The Sultan’s Daughter, published by Hutchinson in 1963. Typical dustjacket design, along with The Rape of Venice below.
The Rape of Venice, published by Hutchinson in 1959

The Roger Brook books are more ripping yarn than black magic (though the occult does feature briefly) and so, still squeamish, I chose one for my reacquaintance with their creator. Roger Brook is the last of Wheatley’s series heroes. Inevitably well born, handsome, quick-witted and intrepid, he careers around the late 18th and early 19th century world, from Russia to the Caribbean. He spies for William Pitt and his successors, defeats the dastardly schemes of Britain’s enemies, including, of course, the French, and encounters many beautiful women.  

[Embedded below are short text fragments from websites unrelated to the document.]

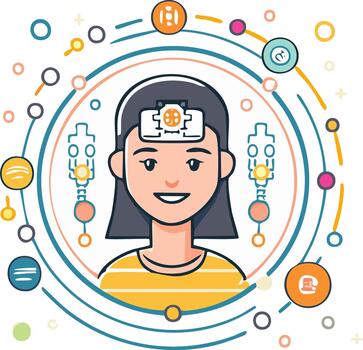 sonriente mujer con cerebro tecnología y social medios de comunicación íconos ilustración comunicación redes conectividad tecnología vector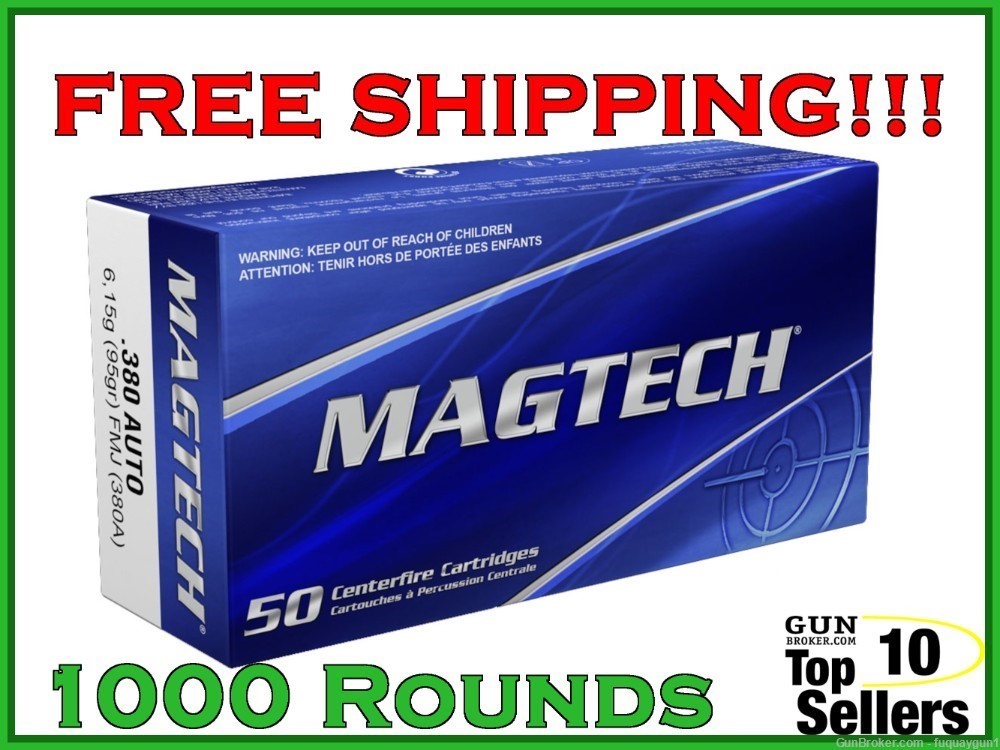 Magtech 380ACP FMJ Brass 95gr Ammo 380A 1000 ROUND CASE FREE SHIPPING!-img-0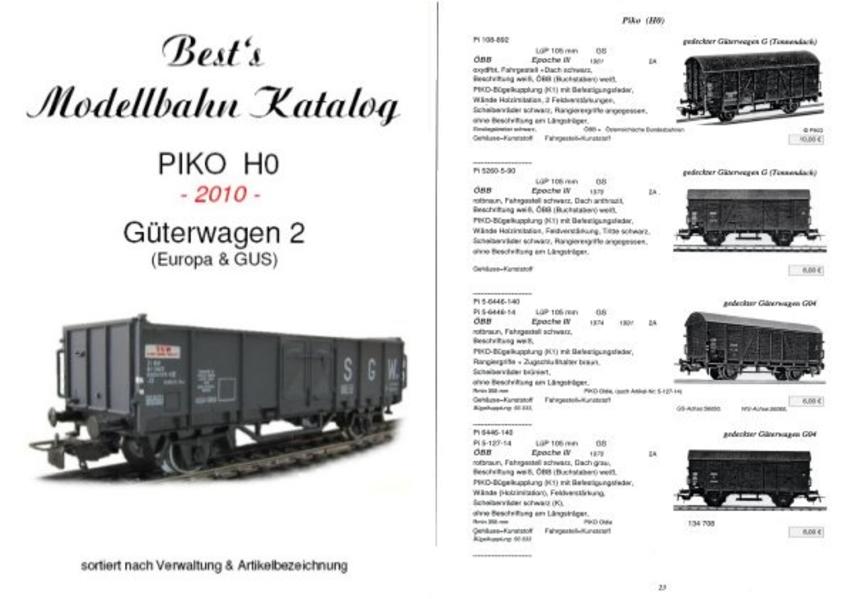 Best`s Modellbahn Katalog PIKO H0 Güterwagen 2 (EU+GUS) 2010 bebildert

The Launching of Roger Brook is the first in a 12-book series. We meet Roger in 1783, aged 15 and on holiday from school. He and his father quarrel and the boy runs away, hoping to prove himself. By accident, he ends up across the Channel. France is almost bankrupt, with most of its people impoverished, its nobility heedless and its king inadequate. Roger stays for four years, getting an education in French, politics, swordsmanship, self-reliance, friendship and love. It is the perfect training for a secret agent and, sure enough, Roger uncovers a plot against Britain’s interests.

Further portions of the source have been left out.